Warning: This trick doesn't always work. On FreeDos, this can set ES=9FE0 and there is something resident at that location that can screw up the system after normal program exit if you overwrite it.

Accessing the timer tick for free

If using a 386+, FS=0 at .COM start. So, FS:[046C] gets you the DOS timer tick variable, which you could use for timing/pacing, or a random seed. Some environments, especially EMS/XMS programs, can modify the FS register, so it can't always assumed to be 0000h.
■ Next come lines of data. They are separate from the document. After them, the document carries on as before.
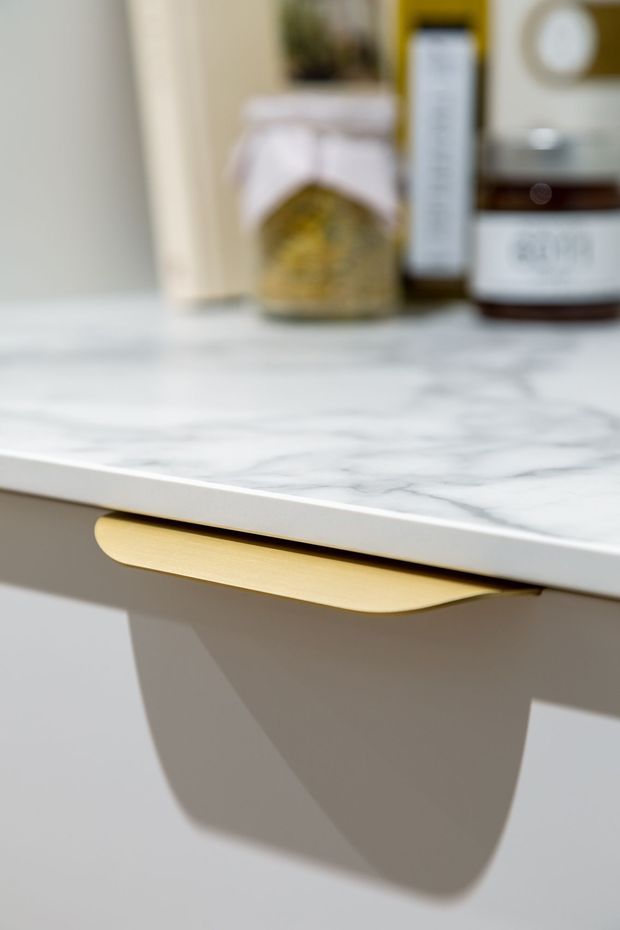 Close-up detail of a light-coloured built-in cabinet or vanity with a white marble-look benchtop and a prominent curved brushed-gold handle. Blurred toiletry or cosmetic containers sit on the countertop, suggesting a bathroom or dressing area. The image focuses on the cabinetry hardware and stone surface rather than the wider room.
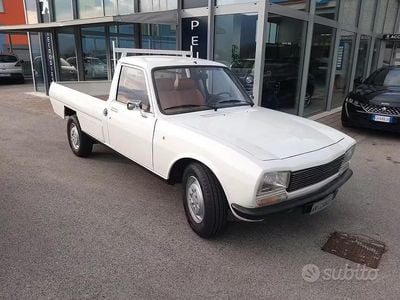 Begagnad Peugeot 504 89 HK (65 kW) 1989 Beige Pickup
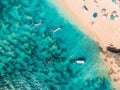 Aerial view of sandy beach with turquoise sea water and local boats, drone shot Royalty Free Stock Photo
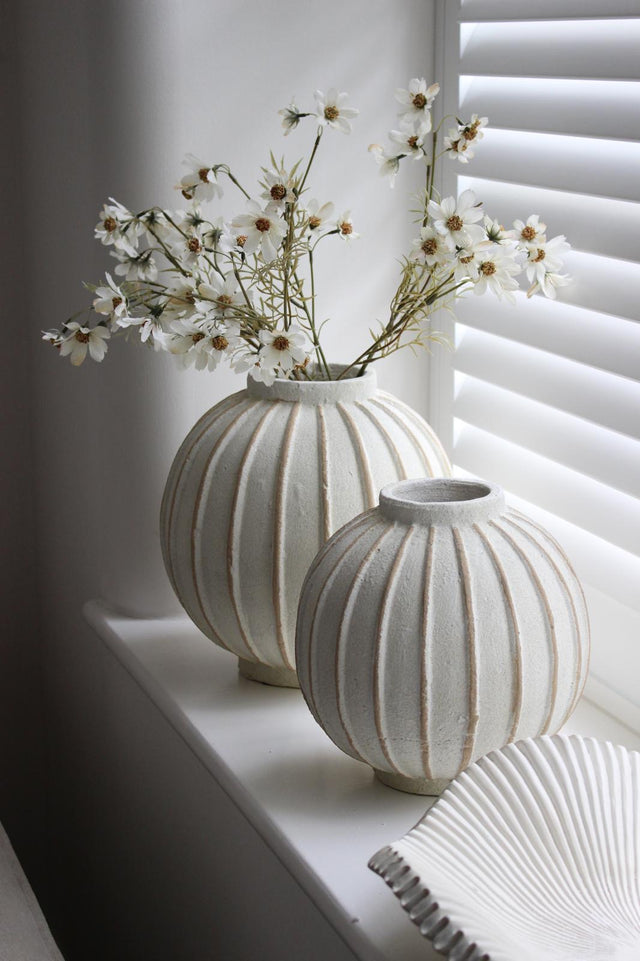 Decorative vase with globe striped pattern, Hill Interiors home décor piece, ceramic with blue and white design, suitable for display.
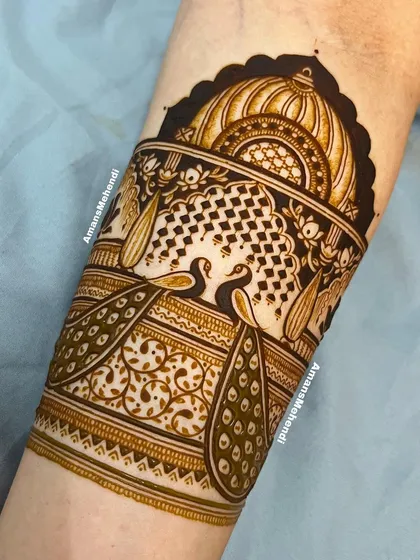 A close-up of the top portion of an arm band, featuring two peacocks in a decorative jharokha. The fine lines and patterns are a testament to skilled artistry.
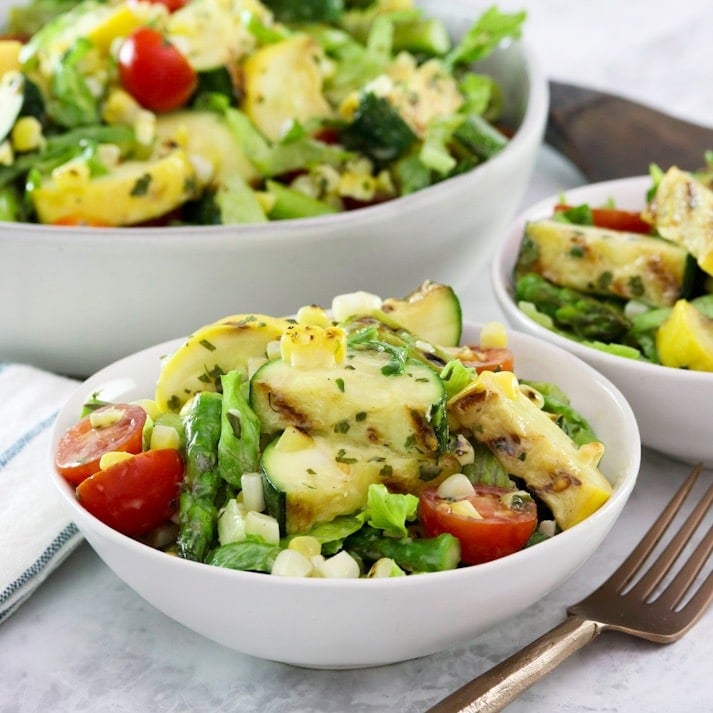 Square image - Two white bowls filled with grilled vegetable salad, a mix of grilled zucchini, squash, asparagus, corn, tomatoes, lettuce and basil with lemony basil dressing. A fork sits off to the right side, a large bowl of the same salad in the background.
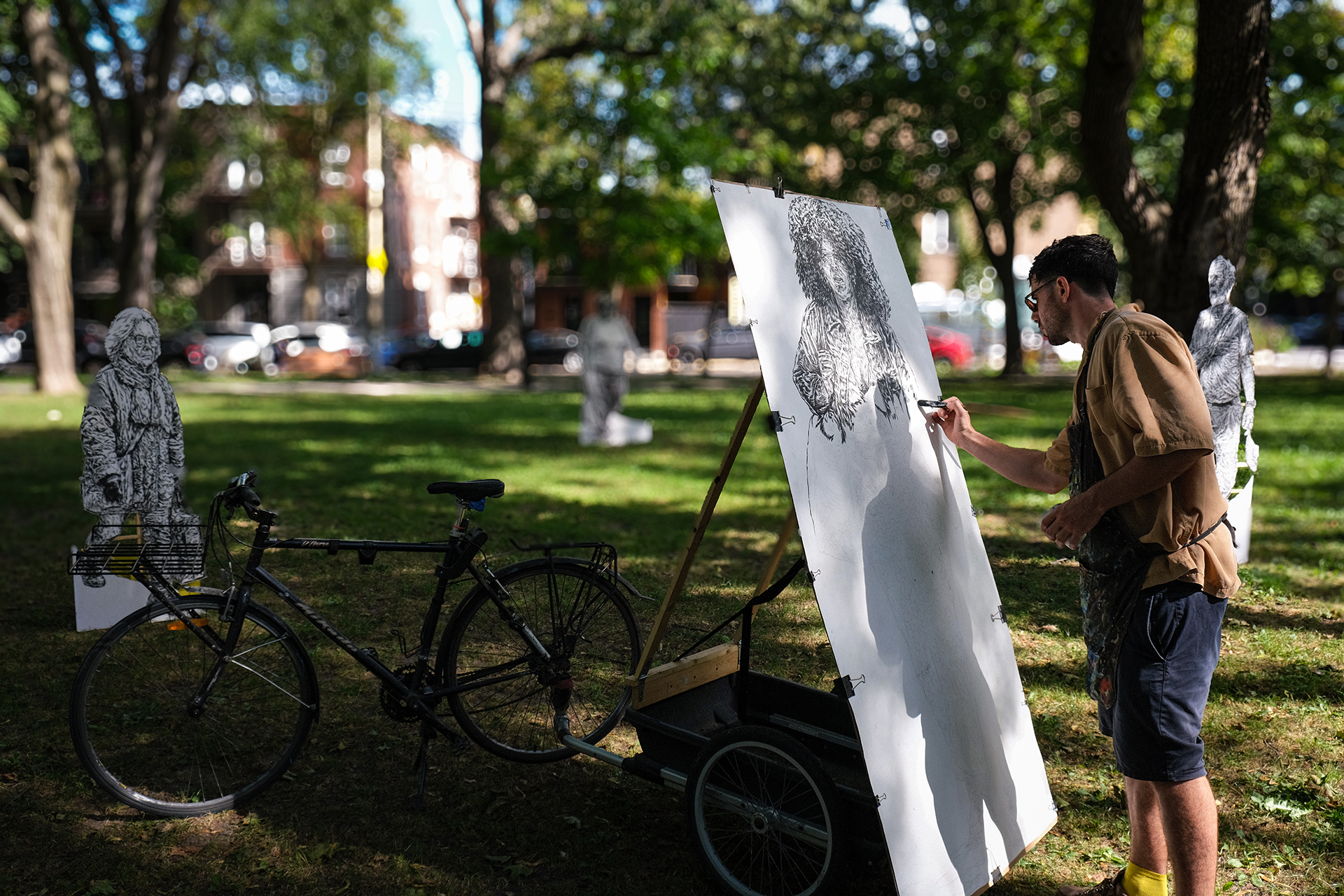 An artist drawing a portrait on a large canvas in a park, with a bicycle and surrounded by large paper cutouts of people.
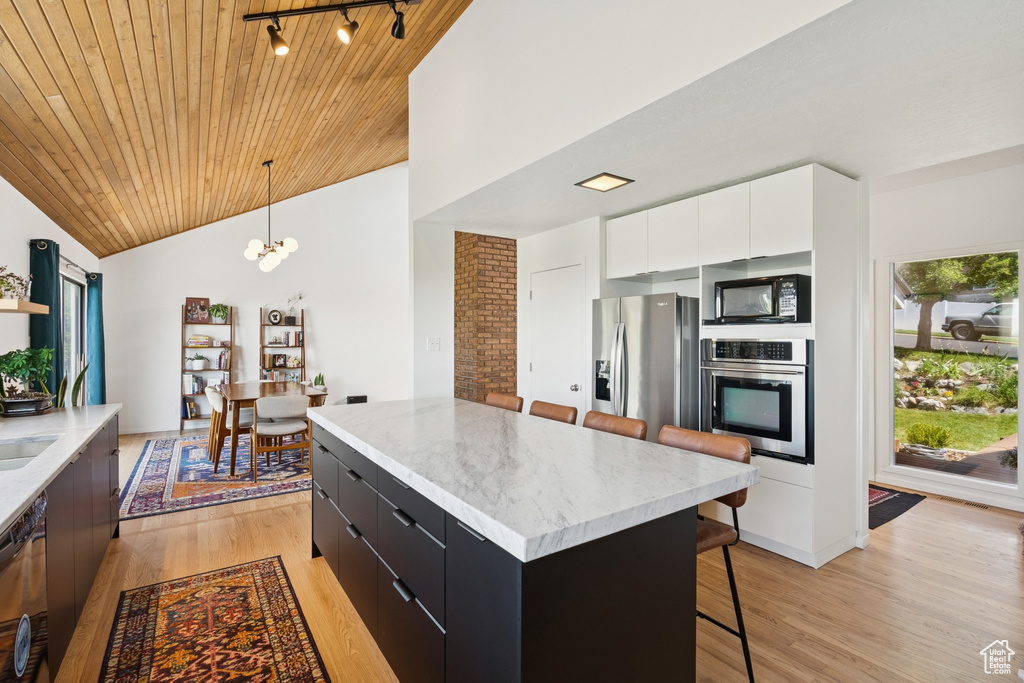 Kitchen with black appliances, modern cabinets, dark cabinets, a breakfast bar area, and light wood-style floors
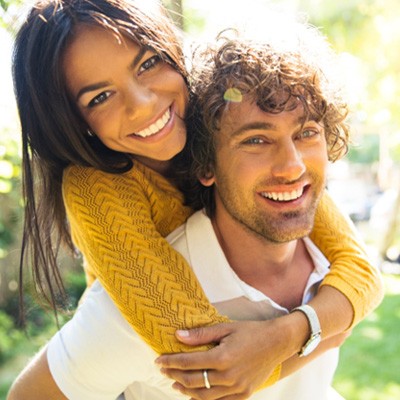 Young couple with white teeth smiling outside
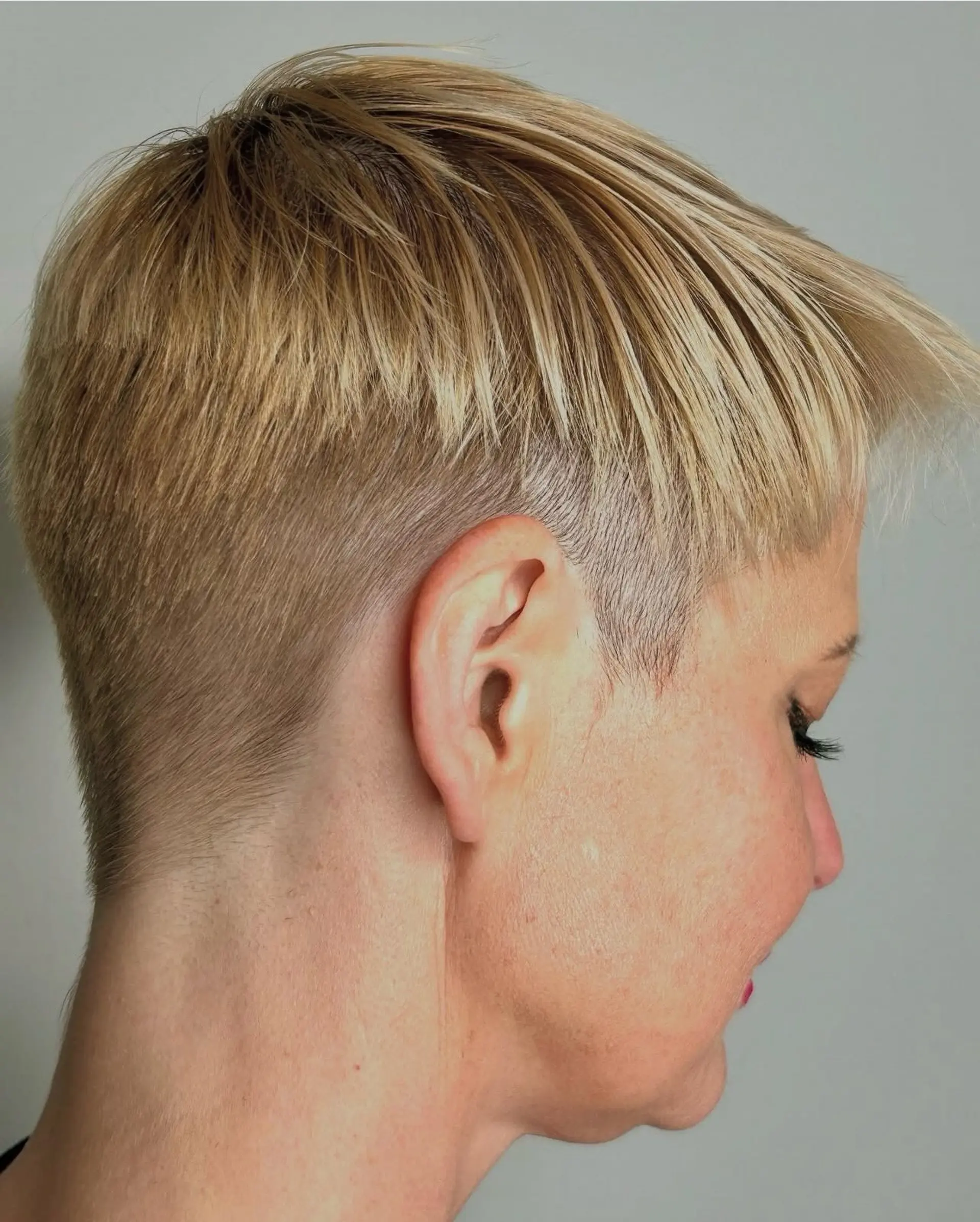 A modern blonde pixie cut featuring a closely buzzed undercut along the sides and nape, topped with textured, forward-styled layers. 1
POP DS right after the start and accessing [046C] does the trick then with equal size.

Looping twice

If you need to repeat a section of code that doesn't modify the carry flag, and you know the carry flag is clear, you can loop once in only 3 bytes:

looping:
        ;do stuff here
        cmc
        jc      looping

Looping three times

If you need to repeat a section of code and you have a register whose value is zero and can be incremented freely, or whose value is -1 and can be decremented freely, you can loop twice in only 3 bytes:

looping:
        ;do stuff here
        inc     bx ;if decrementing instead, parity check must be reversed
        jpo     looping ;1 (01b) and 2 (10b) have odd parity, 3 (11b) has even parity

Obtaining X and Y without DIV (The Rrrola Trick)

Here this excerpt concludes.